Generic style and formatting, along with further decoration from a proprietary pricelist, are applied to create a view that can be exported to PDF via print, and emailed to the client.
Contractors could further customize their invoice with a "style" view. Sharp Retention's was built as an example; by saving the sheet separately, it could be imported to updated copies of the master sheet allowing for contractors to save their style without missing out on updates to functionality.
Google Scripts generate the menu actions which interface with the PHP API (not currently in production).
The PHP API uses the information from the Google Sheet to interact with a webform to:
- POST to a form endpoint the information necessary to get the order information
- scrape the HTML response
- convert the full HTML response into a pipe-delimited list (CSV) of the relevant values
- handle errors if something unexpected happened
- ensure that the order was associated with a contractor that was paying to use the service
- cache the result to minimize impact on the Cutco.com form endpoint
The API would also perform additional operations on the order data, depending on GET parameter flags: One common request was to bundle and simplify line items as much as possible: e.g., when an individual piece would be given as a gift with one SKU, it would need a gift box with a separate SKU, so the invoice line item should show the item, box included, with the total price. This sound simpler than it is. (this feature in particular is implemented by box compactor)
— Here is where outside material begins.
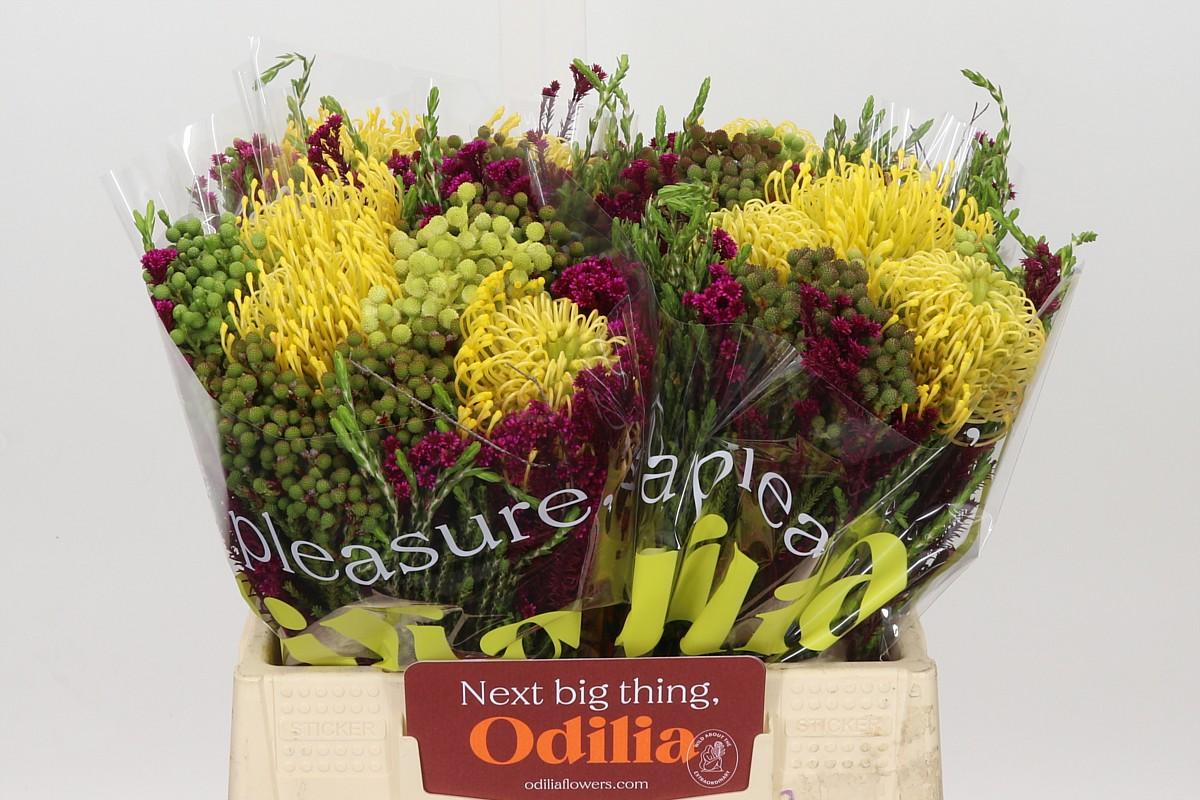 Bq Nutans High Gold 3 Flower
Database usage was minimal, primarily consisting of a table of users and their subscription state, and a log of usage / attempts.
Cutco / Vector Reps, as contractors, have flexibility in the degree of professionalism they leverage in the course of running their business. One particular subset of Cutco representatives creatively identified a new vertical market: serving real estate agents by providing engraved closing gifts. Among many advantages to popular alternatives, Cutco Closing Gifts are uniquely qualified as a fully deductible marketing expense when the agent's logo / contact information is inscribed on the blade. (otherwise, "client gift" deductions are limited to ~$25 / person / year. Agents that give closing gifts spend far more than that, but aren't able to get the full deduction)
As a result, this very specific subset of Cutco contractors must provide an invoice of services and product to their client. They have an acute pain point in generating accurate, concise, attractive invoices, due to a number of factors:
- Cutco / Vector is a venerable company (started in the 1940s / 1980s respectively) which never intended to serve this vertical,
- ... and therefore normally only provide a sort of shipping-manifest document to customers. Confusingly, this manifest would often have superfluous lines, adding and subtracting the same item multiple times (e.g., 10 qty - 10 qty + 2 qty = 2 qty over 3 lines)
- Additionally, they do not provide any REST APIs for accessing order information programmatically.
- Contractors coordinate and bundle 3rd-party value-adding services (e.g., engraving) which must be included in the invoice.
The most common solution is to do it by hand: a tedious process taking 10-30 minutes per invoice, which adds an average of 60 hours of administrative overhead per year. As a solution to that problem, this project was a minimum-viable-product, earning income while active until 2016.